> [Available records]
···

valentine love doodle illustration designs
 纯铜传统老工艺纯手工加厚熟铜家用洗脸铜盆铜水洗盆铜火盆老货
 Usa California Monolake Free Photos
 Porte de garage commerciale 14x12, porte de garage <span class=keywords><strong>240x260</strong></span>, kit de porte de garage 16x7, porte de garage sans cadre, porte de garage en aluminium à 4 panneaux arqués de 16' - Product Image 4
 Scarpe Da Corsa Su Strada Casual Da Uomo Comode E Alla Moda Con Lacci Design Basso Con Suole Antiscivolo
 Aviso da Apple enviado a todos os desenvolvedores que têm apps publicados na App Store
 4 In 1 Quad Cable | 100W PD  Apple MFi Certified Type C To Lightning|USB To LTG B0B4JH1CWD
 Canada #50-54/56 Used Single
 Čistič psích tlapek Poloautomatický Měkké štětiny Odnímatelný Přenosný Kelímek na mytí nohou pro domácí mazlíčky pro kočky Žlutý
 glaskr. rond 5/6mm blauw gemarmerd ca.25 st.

···

> [Exercise] What is wanted is an exact repeat of the lines from the one with "Porte de garage commerciale" through the last line of the listing above, and no other text.

> [Your solution]
 Porte de garage commerciale 14x12, porte de garage <span class=keywords><strong>240x260</strong></span>, kit de porte de garage 16x7, porte de garage sans cadre, porte de garage en aluminium à 4 panneaux arqués de 16' - Product Image 4
 Scarpe Da Corsa Su Strada Casual Da Uomo Comode E Alla Moda Con Lacci Design Basso Con Suole Antiscivolo
 Aviso da Apple enviado a todos os desenvolvedores que têm apps publicados na App Store
 4 In 1 Quad Cable | 100W PD  Apple MFi Certified Type C To Lightning|USB To LTG B0B4JH1CWD
 Canada #50-54/56 Used Single
 Čistič psích tlapek Poloautomatický Měkké štětiny Odnímatelný Přenosný Kelímek na mytí nohou pro domácí mazlíčky pro kočky Žlutý
 glaskr. rond 5/6mm blauw gemarmerd ca.25 st.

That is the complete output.